As World War 2 ended, the station was officially downgraded from a naval air station to a naval air facility. On August 9, 1945, the base was now focused on storing surplus naval aircraft as they awaited their next assignment. South Weymouth made for a great naval aircraft parking station due to the two massive blimp hangars and the vast amount of surrounding land. The need for the station dwindled and it was shut down in June 1949 and remained inactive until the beginning of 1951.
In 1951, the government began looking for a location to create and evaluated air defense and anti-submarine systems. The previous Naval Air Station South Weymouth was believed to be the optimal location and in 1951 Congress approved funds totaling over $5 million to re-develop the station. Runways, hangars, buildings, fuel storage areas, the orange striped control tower (which currently stands), and other necessary infrastructure were built. The large wooden blimp hangar, known as Hangar Two, had to be razed due to the changes. The re-development project was expansive due to the fact that the previous blimp station was not built to support heavier-than-air aircraft. The reserve training base and naval air station at South Weymouth went into operation on December 4, 1953.
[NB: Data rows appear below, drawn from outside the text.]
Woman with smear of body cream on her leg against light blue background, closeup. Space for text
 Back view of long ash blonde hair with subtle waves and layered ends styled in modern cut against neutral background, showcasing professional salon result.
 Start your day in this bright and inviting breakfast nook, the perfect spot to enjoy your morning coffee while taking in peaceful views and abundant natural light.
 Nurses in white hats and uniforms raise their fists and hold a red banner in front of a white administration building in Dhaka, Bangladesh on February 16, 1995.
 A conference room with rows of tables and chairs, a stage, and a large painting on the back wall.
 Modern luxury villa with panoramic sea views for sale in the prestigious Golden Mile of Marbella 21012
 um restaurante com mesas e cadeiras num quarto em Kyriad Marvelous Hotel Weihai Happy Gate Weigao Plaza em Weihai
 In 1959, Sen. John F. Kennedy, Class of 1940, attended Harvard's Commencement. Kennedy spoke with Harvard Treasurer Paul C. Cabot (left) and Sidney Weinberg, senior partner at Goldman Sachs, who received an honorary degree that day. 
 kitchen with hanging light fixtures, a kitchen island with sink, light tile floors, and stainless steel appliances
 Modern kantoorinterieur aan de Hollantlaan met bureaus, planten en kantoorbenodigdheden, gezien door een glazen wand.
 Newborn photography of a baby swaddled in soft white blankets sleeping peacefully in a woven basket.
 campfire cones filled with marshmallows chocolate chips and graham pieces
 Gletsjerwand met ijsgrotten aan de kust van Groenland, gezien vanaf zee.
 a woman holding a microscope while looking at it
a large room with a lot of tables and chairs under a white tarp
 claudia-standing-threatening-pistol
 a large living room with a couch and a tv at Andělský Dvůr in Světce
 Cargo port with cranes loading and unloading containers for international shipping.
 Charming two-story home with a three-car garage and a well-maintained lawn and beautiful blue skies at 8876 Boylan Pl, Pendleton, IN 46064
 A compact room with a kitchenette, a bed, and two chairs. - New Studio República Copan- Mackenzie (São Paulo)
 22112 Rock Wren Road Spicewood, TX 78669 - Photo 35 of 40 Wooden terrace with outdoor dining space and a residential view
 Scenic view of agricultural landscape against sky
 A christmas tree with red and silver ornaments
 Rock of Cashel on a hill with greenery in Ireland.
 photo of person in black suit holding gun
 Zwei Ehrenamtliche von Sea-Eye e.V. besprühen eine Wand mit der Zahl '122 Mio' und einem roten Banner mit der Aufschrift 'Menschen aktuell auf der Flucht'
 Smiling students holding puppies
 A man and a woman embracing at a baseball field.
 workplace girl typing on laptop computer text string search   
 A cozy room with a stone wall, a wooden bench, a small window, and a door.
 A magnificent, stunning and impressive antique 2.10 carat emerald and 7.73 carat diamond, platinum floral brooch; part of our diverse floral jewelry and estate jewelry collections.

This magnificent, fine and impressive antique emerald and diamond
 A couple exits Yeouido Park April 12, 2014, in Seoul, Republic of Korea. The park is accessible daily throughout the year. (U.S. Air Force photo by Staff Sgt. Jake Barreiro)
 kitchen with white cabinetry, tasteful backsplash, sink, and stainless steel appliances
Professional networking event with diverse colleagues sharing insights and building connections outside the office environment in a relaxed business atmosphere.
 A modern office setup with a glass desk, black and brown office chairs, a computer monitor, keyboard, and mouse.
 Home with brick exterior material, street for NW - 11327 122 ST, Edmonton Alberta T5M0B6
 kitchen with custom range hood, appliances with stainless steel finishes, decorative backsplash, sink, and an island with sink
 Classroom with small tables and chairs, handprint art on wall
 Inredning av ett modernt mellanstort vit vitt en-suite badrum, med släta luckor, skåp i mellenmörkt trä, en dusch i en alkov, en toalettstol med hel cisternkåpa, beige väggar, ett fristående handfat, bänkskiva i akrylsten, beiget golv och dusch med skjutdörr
NAS South Weymouth housed an unusual Navy unit between 1953 and 1961 while being primarily designated as a reserve post. The Naval Air Development Unit, or simply “NADU,” was this covert research and development organization. The NADU was charged with supporting flight operations for research studies connected to the MIT Lincoln Laboratories and other defense contractors. The NADU was somewhat descended from the Special Project Unit (SPU) CAST, which was stationed at Squantum Naval Air Station during World War II. These research programs primarily focused on the use of experimental electrical devices like radars connected to air defense and anti-submarine warfare systems.
For the next 30 years, the station primarily focused on being a reserve post. It was also a host for Navy Weymouth Aero Club from 1961 until the club’s closure in 1984. Several new structures were added and removed during these years including the second air traffic control tower. This tower was built during the mid-1990s right before the closing of the station. This white traffic control tower was never actually used. It currently remains on the land and it is abandoned.
The 1995 Base Realignment and Closure Commission proposed that South Weymouth’s final squadrons be relocated and the base be closed in 1997. Before the site was formally deactivated and shuttered by order of the 1995 BRAC, some of the fleets that were still in operation relocated to NAS Brunswick, Maine. It received the Navy Meritorious Unit Commendation ribbon for the years 1993 through 1995.